## Exercise objective
What you give back should be only the lines from the one holding "不銹鋼鏤空花朵 金屬鐵藝金蓮" through the final line of the records, each reproduced exactly.

[Crawled caption data]
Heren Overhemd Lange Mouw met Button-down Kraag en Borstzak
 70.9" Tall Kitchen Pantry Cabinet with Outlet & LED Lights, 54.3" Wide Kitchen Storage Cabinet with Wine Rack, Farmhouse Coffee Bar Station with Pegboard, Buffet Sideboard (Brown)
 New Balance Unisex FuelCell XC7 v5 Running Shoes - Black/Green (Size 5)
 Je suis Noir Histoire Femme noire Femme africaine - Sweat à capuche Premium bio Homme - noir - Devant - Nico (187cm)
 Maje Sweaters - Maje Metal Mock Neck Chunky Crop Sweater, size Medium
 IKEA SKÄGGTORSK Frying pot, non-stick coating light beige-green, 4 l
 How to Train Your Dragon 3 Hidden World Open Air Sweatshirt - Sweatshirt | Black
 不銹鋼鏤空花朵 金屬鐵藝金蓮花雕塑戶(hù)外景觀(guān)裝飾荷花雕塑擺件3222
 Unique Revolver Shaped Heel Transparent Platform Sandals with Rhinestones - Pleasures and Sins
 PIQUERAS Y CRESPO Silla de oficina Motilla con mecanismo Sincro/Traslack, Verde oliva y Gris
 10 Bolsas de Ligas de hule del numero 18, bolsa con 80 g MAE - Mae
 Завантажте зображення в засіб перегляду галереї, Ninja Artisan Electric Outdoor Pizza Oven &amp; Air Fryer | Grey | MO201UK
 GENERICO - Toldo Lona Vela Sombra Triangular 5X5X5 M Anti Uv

## Completed exercise
 不銹鋼鏤空花朵 金屬鐵藝金蓮花雕塑戶(hù)外景觀(guān)裝飾荷花雕塑擺件3222
 Unique Revolver Shaped Heel Transparent Platform Sandals with Rhinestones - Pleasures and Sins
 PIQUERAS Y CRESPO Silla de oficina Motilla con mecanismo Sincro/Traslack, Verde oliva y Gris
 10 Bolsas de Ligas de hule del numero 18, bolsa con 80 g MAE - Mae
 Завантажте зображення в засіб перегляду галереї, Ninja Artisan Electric Outdoor Pizza Oven &amp; Air Fryer | Grey | MO201UK
 GENERICO - Toldo Lona Vela Sombra Triangular 5X5X5 M Anti Uv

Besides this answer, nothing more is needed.